12 Tips to prevent basement condensation

July 28, 2015

Basements can get pretty damp, but with these 12 tips about waterproofing and venting, you'll get your basement dry in no time! 

12 Tips to prevent basement condensation

1. Increase ventilation

  • Increase the ventilation in the basement by closing windows in hot, humid weather and opening them in cool, dry weather. Use a fan to keep the air moving.

2. Install a dehumidifier

  • To dry the air, use a dehumidifier. Even a small roll-around model will remove litres (quarts) of water.
  • Attach a plastic tube so that the water it collects goes directly into the basement drain.

3. Insulate sweating pipes

  • Insulate with self-sticking, foam insulating tape or pre-slit foam sleeves. Fix any leaky plumbing connections.

4. Vent clothes dryers

  • Vent to the outside. Make sure bathroom and laundry room moisture is vented to the outside; install an exhaust fan if there isn't one.

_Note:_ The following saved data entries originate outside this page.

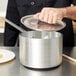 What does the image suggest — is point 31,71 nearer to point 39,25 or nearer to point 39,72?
point 39,72

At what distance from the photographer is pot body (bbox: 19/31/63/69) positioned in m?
0.63

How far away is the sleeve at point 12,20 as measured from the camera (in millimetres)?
1283

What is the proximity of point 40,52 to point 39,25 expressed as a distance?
185 mm

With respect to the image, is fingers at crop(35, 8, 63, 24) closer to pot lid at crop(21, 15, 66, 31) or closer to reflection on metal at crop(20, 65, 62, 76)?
pot lid at crop(21, 15, 66, 31)

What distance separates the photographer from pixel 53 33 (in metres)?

5. Repair gutters and downspouts

  • Repair gutters and downspouts and make sure roof runoff is not accumulating next to the foundation.
  • Use splash blocks and downspout extensions to carry water away from the house.

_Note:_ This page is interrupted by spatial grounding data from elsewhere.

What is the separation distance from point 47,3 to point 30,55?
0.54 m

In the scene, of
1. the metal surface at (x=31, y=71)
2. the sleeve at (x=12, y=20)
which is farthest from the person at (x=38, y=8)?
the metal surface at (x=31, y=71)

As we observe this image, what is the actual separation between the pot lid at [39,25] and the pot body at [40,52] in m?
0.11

6. Waterproof basement walls

  • Waterproof with a crystalline waterproofing material (CWM).

7. Thin out foundation foliage

  • Thin out foliage and organic mulch that keep the ground next to the house from drying out after a rainfall.

8. Inspect sump pumps

  • If you have a sump pump, inspect and make sure it is functioning.

9. Caulk leaky joints

Caulk any leaky joints between walls and doors or windows and around floor drains — and make sure the drains are not blocked

10. Don't pile snow against outside walls

  • Don't leave snow lying against walls or let it accumulate there or in basement window wells.
  • If you get a lot of snow, install window-wellcovers — clear plastic bubbles that let in light but not rain or snow.

11. Check for cracks or holes

Check for cracks and holes in basement walls and repair them before they get worse.

12. Ditching the efflorescence

  • The white powder that sometimes accumulates on the concrete walls or floor of a basement is efflorescence, soluble salts that remain when water seeps through concrete and evaporates.
  • Clean it off with a rigid, nylon-bristled brush or a wet rag or mop.
  • If it returns, you may need to waterproof your basement walls.